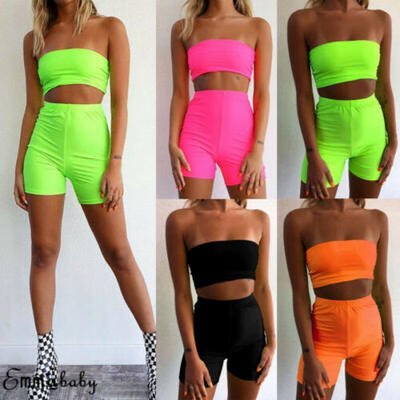 

UK Women 2PCS Crop Top Shorts Co ord Set Vest Bra Shorts Tracksuit Sport Set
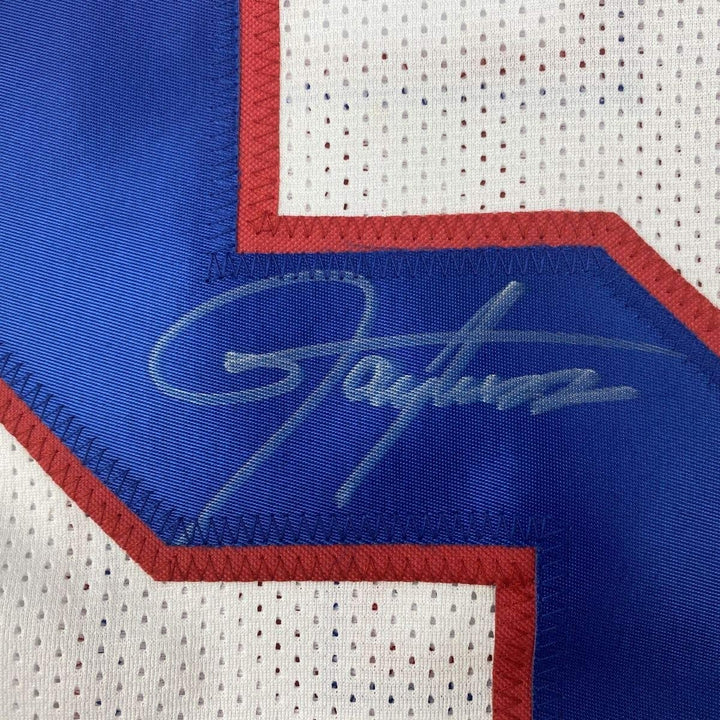 Autographed/Signed LAWRENCE TAYLOR New York White Jersey JSA COA Auto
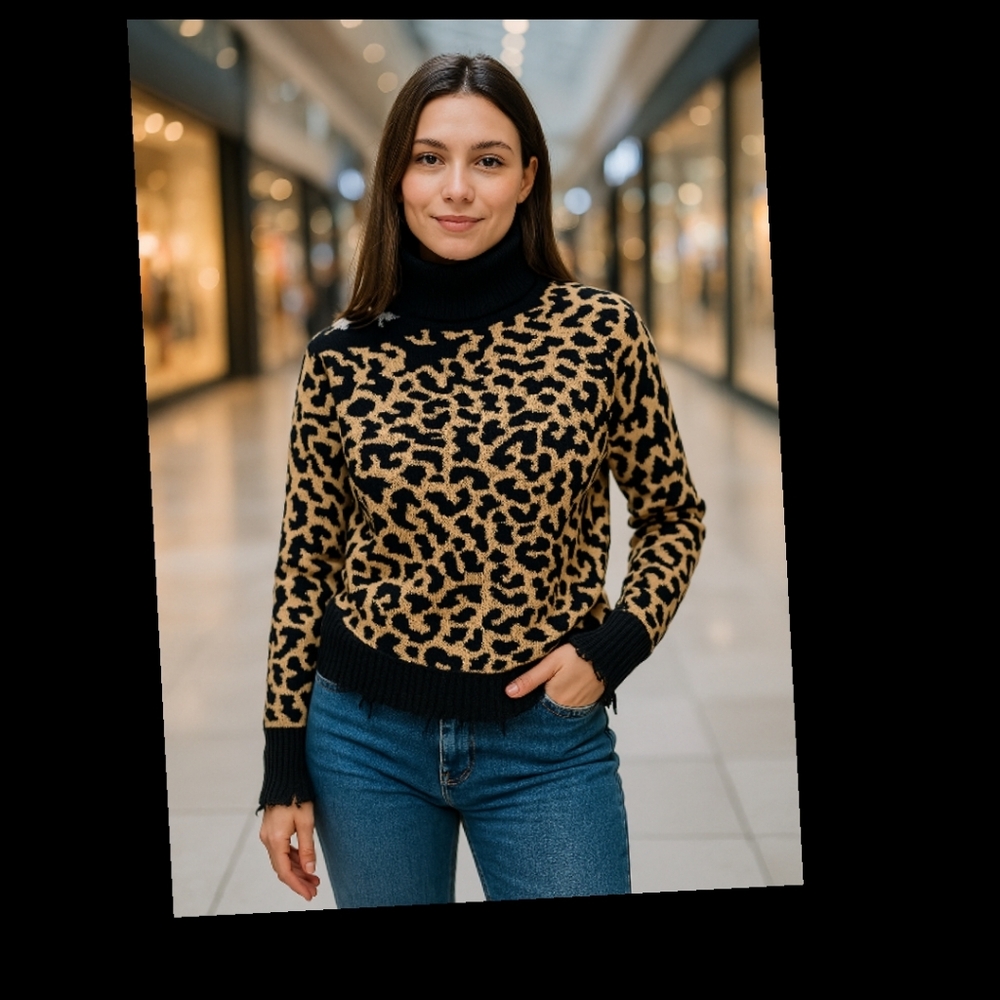 Lovers + Friends Oversized Cold Shoulder Turtleneck LEOPARD Sweater Jagged XS●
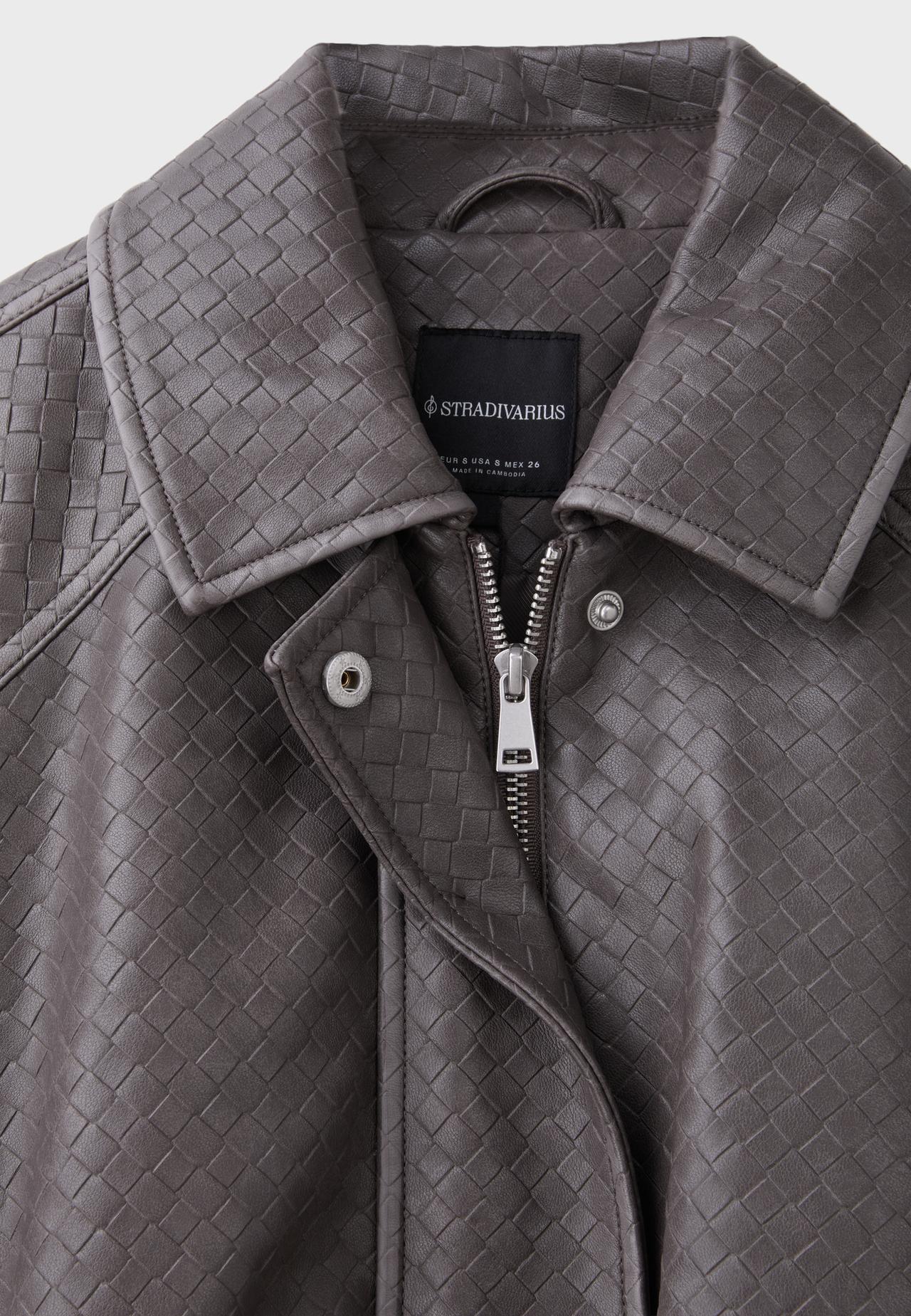 Braided leather effect bomber jacket — Dark grey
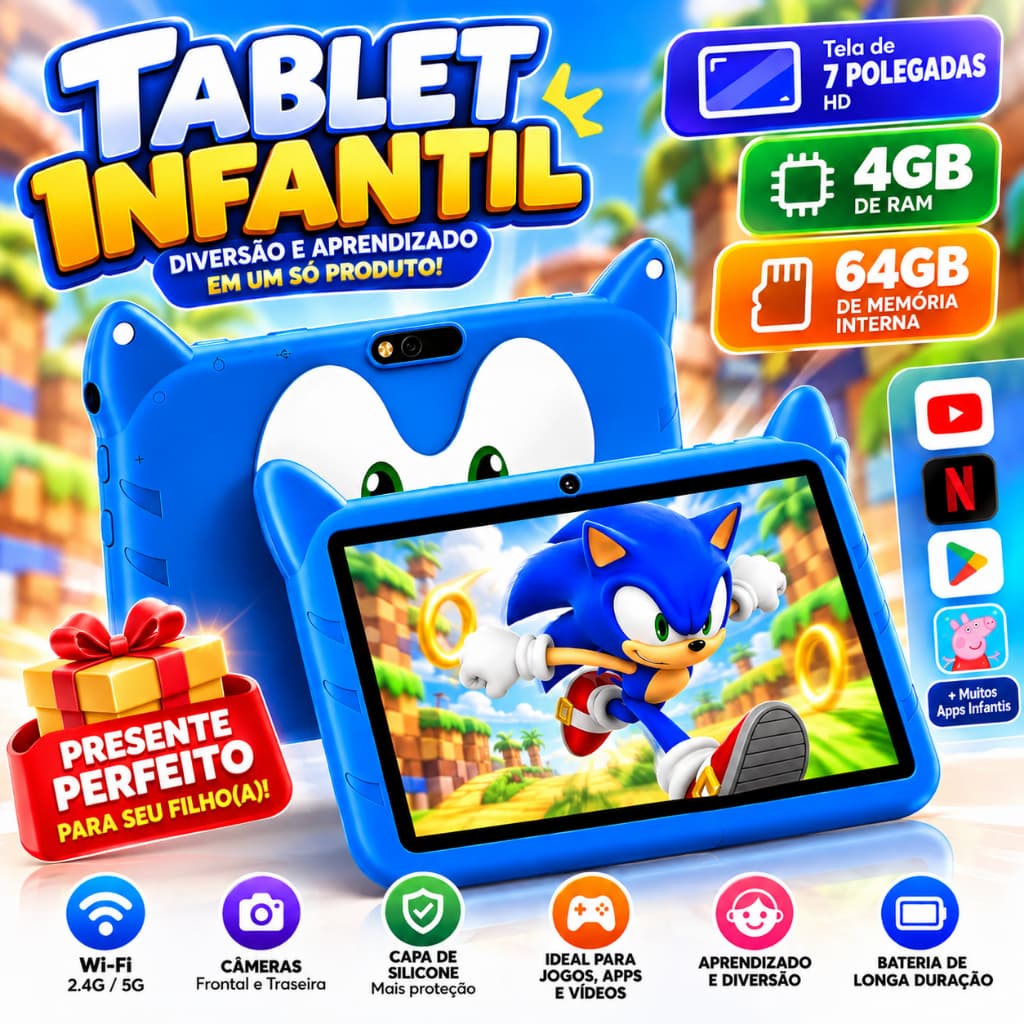 Tablet Infantil 7 Polegadas Android WiFi Capa Sonic Jogos Educativos Presente para Criança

☆ ☆ ☆

▶ [TASK DESCRIPTION]: Your output should be exactly the lines of the records above from the one with "Lovers + Friends" through the last, both ends included, with pictures excluded.

▶ [RESULT OF THIS EXERCISE]:
 Lovers + Friends Oversized Cold Shoulder Turtleneck LEOPARD Sweater Jagged XS●
 Braided leather effect bomber jacket — Dark grey
 Tablet Infantil 7 Polegadas Android WiFi Capa Sonic Jogos Educativos Presente para Criança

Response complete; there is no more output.